In Kampala there are many different hospitals. Most are private hospitals, once started as missionary hospitals, and there is one big state hospital. As St Francis Hospital is a private, non-profit hospital, patients have to pay for their treatment themselves. Patients can choose to be in private wings, where they will pay more for their treatment, but get their own room and better treatment.
Medicines are supplied from the hospital pharmacy to wards, inpatients and outpatients. Outpatients have to pay for the medicines before they are supplied to them; inpatients normally receive medicines from the wards’ storage, but occasionally receive them from the pharmacy as well.
Customer invoices, either from wards or inpatients, are registered in books.
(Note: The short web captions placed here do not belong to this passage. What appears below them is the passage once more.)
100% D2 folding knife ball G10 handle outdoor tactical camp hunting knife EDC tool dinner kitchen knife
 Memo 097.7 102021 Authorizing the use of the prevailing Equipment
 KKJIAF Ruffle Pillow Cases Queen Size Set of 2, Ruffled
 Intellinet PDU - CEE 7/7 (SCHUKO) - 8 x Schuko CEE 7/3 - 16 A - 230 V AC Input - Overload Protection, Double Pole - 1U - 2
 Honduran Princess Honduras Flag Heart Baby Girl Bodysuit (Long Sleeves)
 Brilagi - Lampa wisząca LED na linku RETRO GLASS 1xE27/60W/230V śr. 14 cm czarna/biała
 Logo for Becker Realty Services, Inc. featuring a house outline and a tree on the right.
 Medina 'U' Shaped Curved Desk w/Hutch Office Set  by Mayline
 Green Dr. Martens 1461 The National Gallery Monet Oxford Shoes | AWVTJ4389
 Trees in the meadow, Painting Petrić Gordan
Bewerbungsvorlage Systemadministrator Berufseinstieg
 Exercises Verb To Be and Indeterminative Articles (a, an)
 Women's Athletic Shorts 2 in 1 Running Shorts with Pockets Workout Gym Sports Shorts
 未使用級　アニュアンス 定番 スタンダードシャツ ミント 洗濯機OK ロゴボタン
In order to have full registration and to be able to create management overviews a computer program, mSupply, has been implemented in the pharmacy some years ago. This program is developed for use in developing countries, mainly for registration of received and supplied goods. Although the program has been running for a few years, full registration of supplied medicines hardly takes place at the moment. The main reason for this is that only a few members of staff have been trained to use the program. To ensure implementation and continuity of the mSupply project it will be necessary to have more staff trained to use the program and enter data.
Before starting training staff, the stockroom had to be counted again in order to have correct data in the databases. Also Standard Operating Procedures concerning login, e-mailing the mSupply helpdesk and exporting and importing invoices had to be written, which are used during training sessions.